Tahun 1905, Kerajaan Bone ditaklukkan Belanda. Sebelum menaklukkan Bone, terlebih dulu Pemerintah Hindia Belanda membentuk gemeente Makassar pada 1904. Hal itu dilakukan untuk mendukung Makassar sebagai pelabuhan transit.

Pada 1905, wilayah Makassar diperluas hingga ke Mariso yang berbatasan dengan Kerajaan Gowa di selatan, ke utara diperluas hingga berbatasan dengan Kerajaan Tallo.

Makassar dikuasai VOC sejak 1667. Mengalami pertentangan sejak 1615, konflik memuncak selama setahun sejak Desember 1666. Pada November 1667, lahirlah Perjanjian Bongaya yang menguntungkan VOC, karena Kerajaan Makassar harus membayar ganti rugi perang.

Bone kemudian menjadi kerajaan yang disegani di Sulawesi. Arung Palakka yang memimpin Bone 1672-1696 menjadikan Bone disegani.

Raja-raja lain yang hendak bertemu pejabat Hindia Belanda di Makassar, terlebih dulu melapor ke Raja Bone. Pada 1859, pertama kalinya Belanda mengirimkan ekspedisi militer ke Bone. Pada 1905, Belanda kembali mengirimkan tentara ke Bone, hingga akhirnya Raja Bone ditangkap.

Melalui Rumpa’na Bone (Runtuhnya Kerajaan Bone), Makka menggambarkan drama menegangkan marwah Bugis dalam kisah fiksi berlatar belakang sejarah. Kakek Makka adalah pejuang yang mendampingi Raja Bone berjuang. "Ini debut saya kembali ke dunia sastra setelah berkelana ke PNS dan jurnalistik," ujar Makka kepada Republika.

Memulai novelnya dengan deskripsi lingkungan Istana Bone, Makka hadir sebagai pencerita khas narator panggung cerita anak. "Hari demi hari terlewatkan, tahun demi tahun berlalu…" ia pakai untuk menggambarkan peralihan zaman.

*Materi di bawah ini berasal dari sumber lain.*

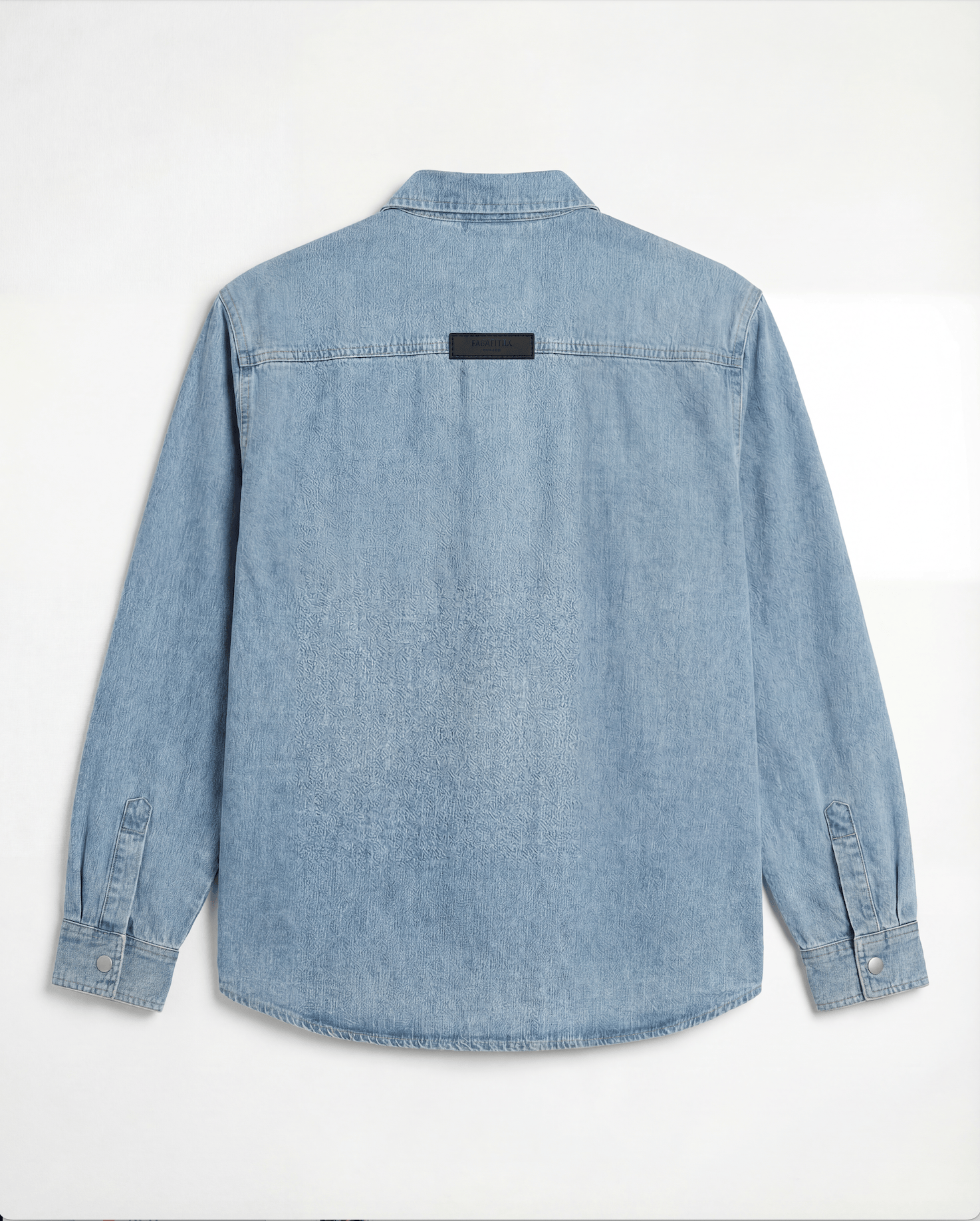 Back view of light blue denim overshirt with black label on yoke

Kabar keinginan Belanda menaklukkan Bone disampaikan Makka melalui percakapan tokoh cerita Petta Sele’ yang bertemu sahabatnya, Letnan Van der Briek, komandan pasukan inlander dan marsose, di Makassar. Petta Sele’ hadir di Makassar dalam acara perayaan Jubilium Ratu Belanda.

"Kabar buruk apa Letnan?" tanya Petta Sele’ ketika pertanyaannya tentang Tuan Gubernur dijawab Briek dengan ucapan "Ah, kabar buruk."

Briek kemudian menjelaskan jika Belanda menginginkan seluruh kerajaan di Sulawesi memperbesar dukungan perdagangan kompeni.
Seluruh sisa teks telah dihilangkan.